* _What to produce_
Copy the data precisely, keeping every character.

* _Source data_
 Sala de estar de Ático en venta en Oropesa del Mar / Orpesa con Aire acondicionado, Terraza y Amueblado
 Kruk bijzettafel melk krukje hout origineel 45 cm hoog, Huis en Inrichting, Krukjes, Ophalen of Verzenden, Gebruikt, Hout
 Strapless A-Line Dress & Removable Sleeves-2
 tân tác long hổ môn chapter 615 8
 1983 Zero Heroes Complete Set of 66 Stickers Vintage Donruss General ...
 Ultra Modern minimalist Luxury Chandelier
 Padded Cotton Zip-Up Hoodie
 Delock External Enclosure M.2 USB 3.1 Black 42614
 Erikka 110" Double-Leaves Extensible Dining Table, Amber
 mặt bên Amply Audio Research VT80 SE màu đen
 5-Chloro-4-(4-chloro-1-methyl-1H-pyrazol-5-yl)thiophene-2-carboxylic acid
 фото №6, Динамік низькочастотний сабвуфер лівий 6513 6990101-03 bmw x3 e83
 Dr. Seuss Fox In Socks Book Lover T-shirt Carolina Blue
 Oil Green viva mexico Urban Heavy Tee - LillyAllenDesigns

* _Answer section_
 Sala de estar de Ático en venta en Oropesa del Mar / Orpesa con Aire acondicionado, Terraza y Amueblado
 Kruk bijzettafel melk krukje hout origineel 45 cm hoog, Huis en Inrichting, Krukjes, Ophalen of Verzenden, Gebruikt, Hout
 Strapless A-Line Dress & Removable Sleeves-2
 tân tác long hổ môn chapter 615 8
 1983 Zero Heroes Complete Set of 66 Stickers Vintage Donruss General ...
 Ultra Modern minimalist Luxury Chandelier
 Padded Cotton Zip-Up Hoodie
 Delock External Enclosure M.2 USB 3.1 Black 42614
 Erikka 110" Double-Leaves Extensible Dining Table, Amber
 mặt bên Amply Audio Research VT80 SE màu đen
 5-Chloro-4-(4-chloro-1-methyl-1H-pyrazol-5-yl)thiophene-2-carboxylic acid
 фото №6, Динамік низькочастотний сабвуфер лівий 6513 6990101-03 bmw x3 e83
 Dr. Seuss Fox In Socks Book Lover T-shirt Carolina Blue
 Oil Green viva mexico Urban Heavy Tee - LillyAllenDesigns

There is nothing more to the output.